Suite à l’impression, il suffit de retirer le support d’impression et de laisser tremper votre pièce dans un bain d’alcool à 90° (c’est ce que je fais, car plus facile à obtenir que l’alcool préconisé par 3DS). Pas d’accessoires disponibles là non plus si bien que je me suis fait mon propre support adapté à un pot en verre qui me sert de récipient de nettoyage.
Une fois la pièce rincée et séchée, on la passe aux UV.
Ces étapes suivent les recommandations de 3DS.

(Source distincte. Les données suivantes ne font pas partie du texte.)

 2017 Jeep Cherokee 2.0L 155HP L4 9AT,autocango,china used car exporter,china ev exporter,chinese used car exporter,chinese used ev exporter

Opportunités offertes par l’imprimante Projet 1200
Malgré les défauts énoncés plus haut, cette machine permet une production facile et rapide de masters en résine permettant de montrer le design aux clients ou bien de faire des moules.
De ma propre expérience, cette machine à complètement transformer notre manière de travailler, faisant passer notre travail d’un mode très artisanale vers une précision de production proche de ce que fait l’industrie.
Conclusion
Je ne suis pas 100% satisfait de mon acquisition pour les raisons évoquées plus haut. Si la machine me donne entière satisfaction, la politique commerciale de 3D Systems ne me convient pas, le constructeur devrait mettre l’accent sur une meilleure qualité de ses résines.
Ayant choisi 3D Systems pour sa réputation et son image sérieuse, j’ai été déçu de constater que de simples start-up peuvent faire mieux pour moins cher et avec un souci d’aider l’utilisateur bien plus prononcé. Affaire à suivre !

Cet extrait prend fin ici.